What the ‘Right to Know’ means for victims in Northern Uganda
By Lino Owor Ogora
Despite experiencing close to four years of relative peace, Northern Uganda continues to grapple with several recovery challenges. Among these challenges are answered questions regarding the plight of people who continue to be missing. Many of these people were either abducted by the rebels of the Lord’s Resistance Army (LRA) or simply went missing due to other causes such as displacement. It is not known if many of them are still alive.
A survey conducted by an NGO called Children and Youth as Peace Builders (CAP) indicates that 1,036 people are missing in Gulu alone. A 2012 survey by JRP in Acholi sub-region covering 2,573 respondents indicates that 55.5% of respondents still have a family member missing from the conflict. Of those respondents, 60% have one family member missing; 24% have two family members missing; the remaining 16% have three or more family members missing, their whereabouts still unknown. The families, friends and relatives of these people continue to be held in suspense as a result of not knowing whether their loved ones are still alive or dead.
When JRP conducted research in a place called Corner Kilak in Pader District, we came across an old man whose son had been abducted. This old man said to us, “I am an old man. I need to see my son before I die.” I have never forgotten the words of this old man, and since I heard these words several years ago, I am not certain if this old man had his wish granted.

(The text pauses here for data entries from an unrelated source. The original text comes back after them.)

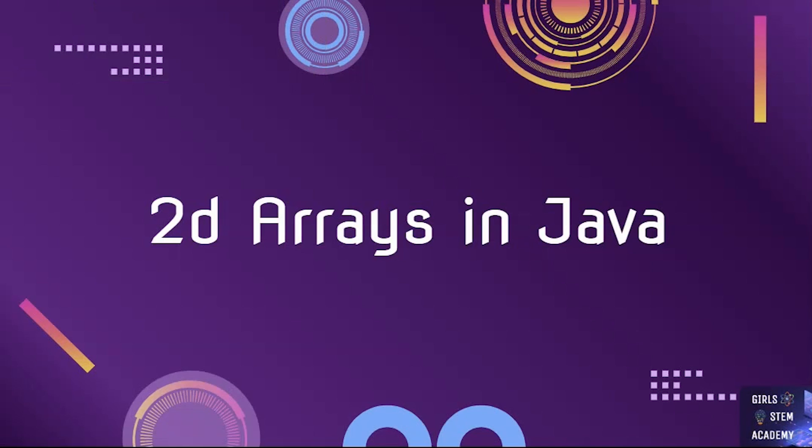Hello, and welcome to Girls STEM Academy. In this multi-part series, we are going to learn how to code in Java. Be sure to check out our last videos on recursion and primitive variables. In addition, check out our video on 1D arrays and 1D array interview questions.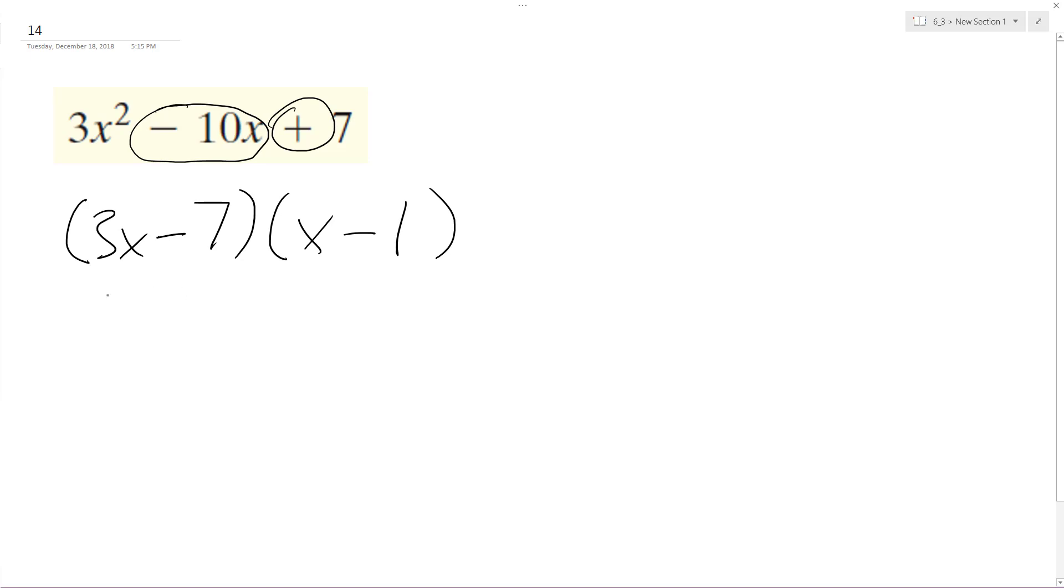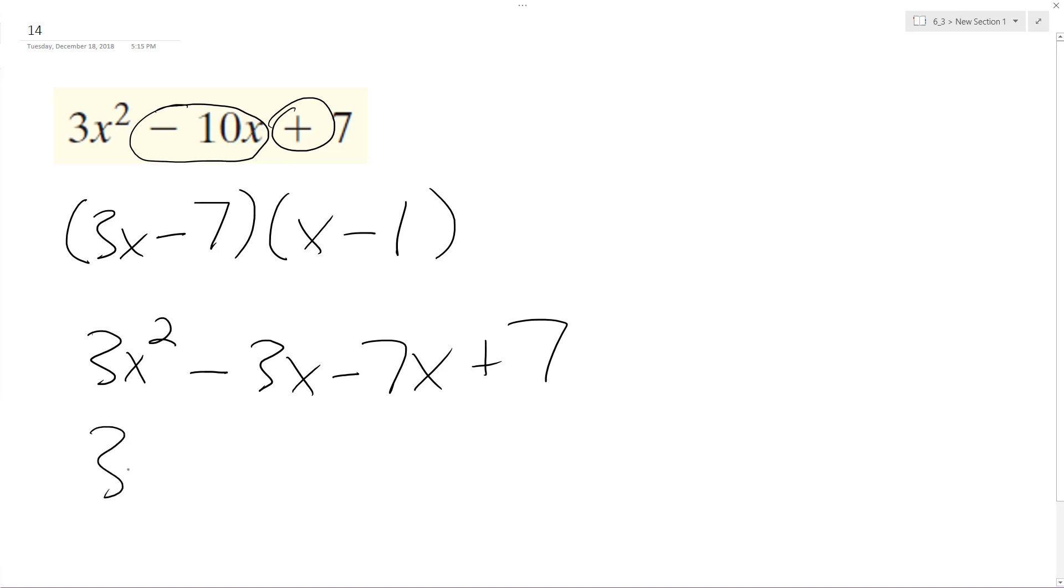So 3x times x gives us 3x² minus 3x minus 7x, and then negative 7 times negative 1 is positive 7. So we end up with 3x² - 10x + 7, which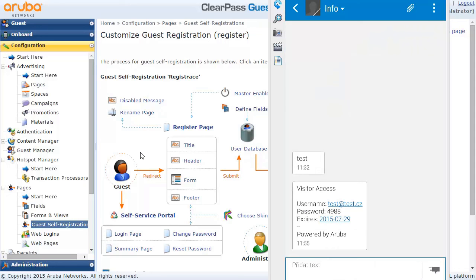That's how you can use ClearPass Guest with SMS messages.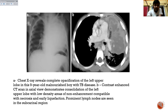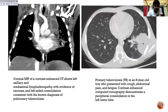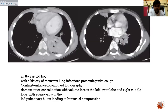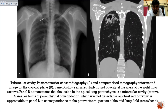One case is a nine-year-old malnourished confirmed TB patient. Chest X-ray shows opacity in the left upper lobe, and the CT shows a subcarinal region with a prominent lymph node and contrast-enhanced mediastinal lymphadenopathy with necrosis, along with peripheral consolidation in the left lower lobe. Another case is an eight-year-old with recurrent lung infections and cough, showing consolidation in the left lower lobe and right middle lobe, with left pulmonary hilar compression due to bronchial compression from enlarged hilar adenopathy. A further case shows cavitation in the apex of the right lung, corresponding to CT findings.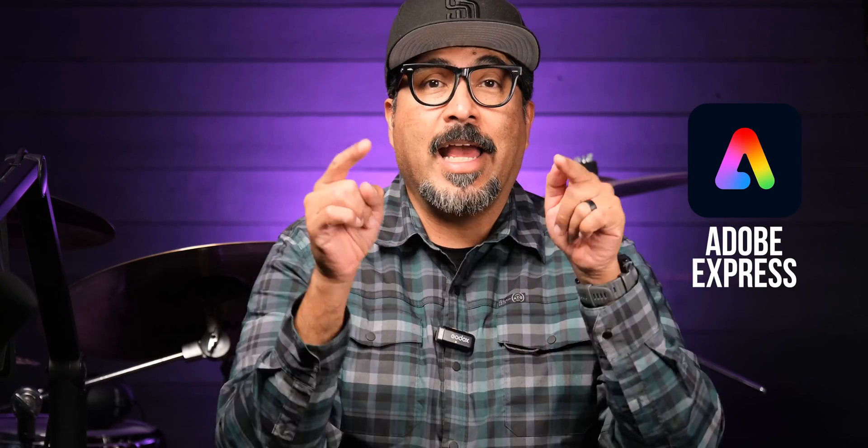Hello everyone and welcome to my channel, my name is Claudio, so glad that you're here. Today I'm going to share with you how to create a picture-in-picture video using Adobe Express, so let's go ahead and jump right in.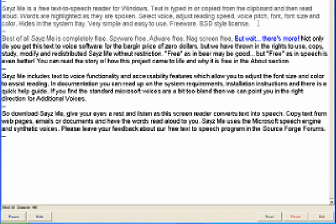But wait, there's more. Not only do you get this text-to-voice software for the bargain price of $0, but we have thrown in the rights to use, copy, study, modify and redistribute Seize Me without restriction. Free as in beer may be good, but free as in speech is even better.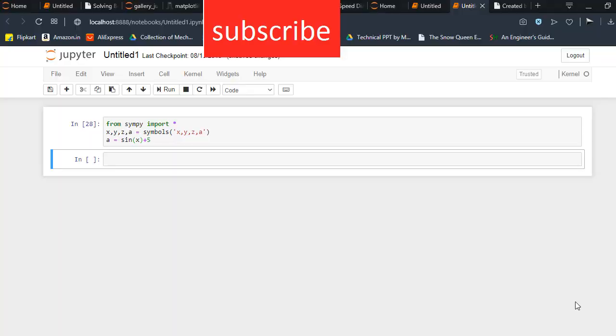Namaste, in this video I will tell you how to do substitution in Python. First of all, to do substitution I need a module called sympy, and we are going to use symbols x, y, z, a. Those who don't understand what is the meaning of symbols and why we are using it, you can watch the previous videos.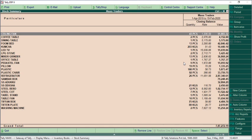This is how we export the complete accounts as well as sales, purchase, and inventory data to Tally using the Max Tally Connector add-on. Thanks a lot for watching this video — stay tuned, and have a great day.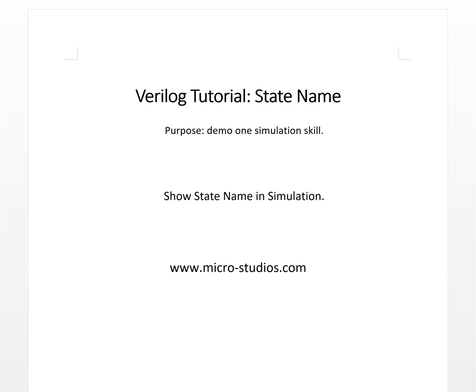Hello, everybody. This is Michael. In this video, we will demo one simulation skill: showing the status name in the simulation.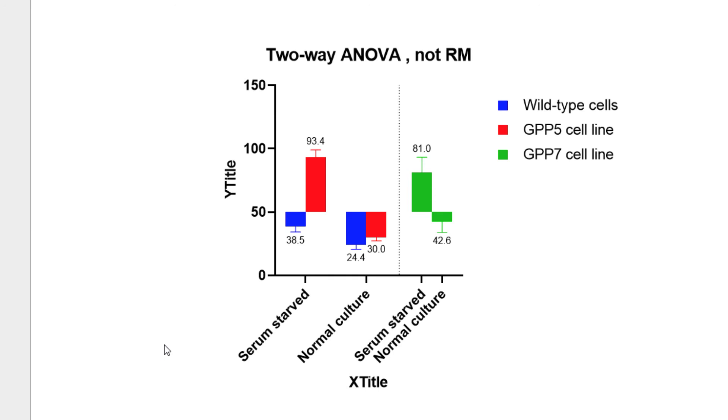In the next video, we'll look at one more important set of options for customizing your graph, those options found in the Format Axes dialog. We'll keep using this same graph, so you can either continue now or save this graph to explore those options later. Thanks for watching.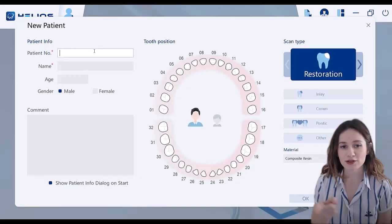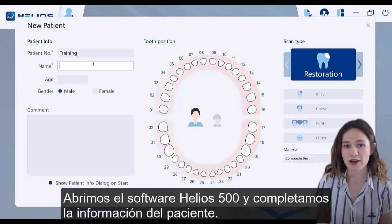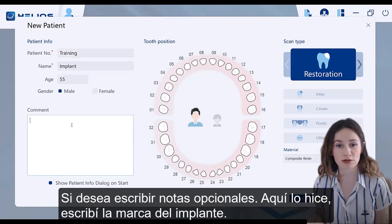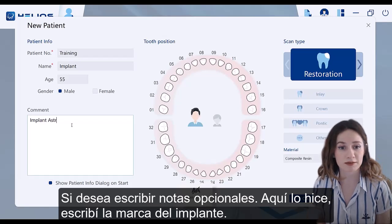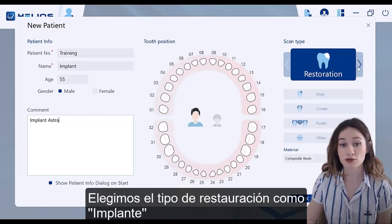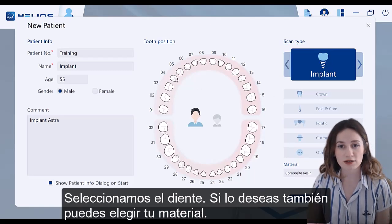First step: we open the Helios 500 software and fill the patient information in. Optionally, you can type notes — here I typed the implant brand. Then we choose the restoration type as implant and select the tooth.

In another place called Obalanga in Amuria district, I came across a woman whose husband – the headmaster of a local primary school – had been abducted by the LRA and had never returned. This woman has since been kept in the dark about the whereabouts of her husband regarding whether he is dead or alive, and as a result she is not sure whether she is a widow or a wife.
In a village located in Gulu District, we came across parents of girls who were abducted in the early 1990s by soldiers of the National Resistance Army (NRA) as they conducted an operation. These girls were presumable taken to serve the soldiers as wives, but were never heard of again. Their families continue to be held in suspense regarding their whereabouts.
The quest for answers is not only limited to missing people who are assumed to still be alive. It also stretches to people relatives of people who lost their loved ones but have not had the opportunity to conduct proper burials simply because they do not have the remains or bones of their loved ones with which they can conduct the burials. In Obalanga for example, I came across a distressed young lady called Petra whose husband was not only killed by the LRA in a most gruesome manner, but after killing her husband the LRA cut off his head and went with it. Petra’s husband had to be buried headless. To date, Petra still hopes to discover the head of her husband in order to make his burial complete.
In Acholi culture, just like in many other cultures in Northern Uganda, proper burials are called for, as it is not only a sign of respect for the dead, but also as a means of avoiding reprisals from the spirits of the dead. People who have not received the spirits of their loved ones will therefore continue to long for closure about how they died, and also to get back their remains so that they can conduct proper burials.
The right to know also stretches to people who simply want to know the causes of the conflict, and why horrendous atrocities were committed against them. Many survivors of massacres continue to ask why they were subjected to inhumane treatment by fellow human beings who behaved like beasts towards them. In one village, (name withheld) we came across male and female survivors of rape perpetrated by NRA soldiers in the early 1990s. A woman narrated how she had been raped almost seventeen times by different soldiers. An old man narrated how he had been sodomized by two soldiers. Almost twenty years later, this village has a high incidence of HIV/AIDs as a result of this mass rape and sodomy. Such victims seek answers to why fellow human beings had to behave like beasts towards them.
As Northern Uganda continues to recover from the impacts of the conflict, the time is overdue for the implementation of transitional justice post-conflict recovery programs. With every day that passes, the need to engage in reparative programs for victims grows more urgent. Among these is the need to set up a truth recovery program aimed at providing answers for families of the missing and survivors of conflict. ▪
Lino Owor Ogora is the team Leader for the Community Documentation Department of JRP.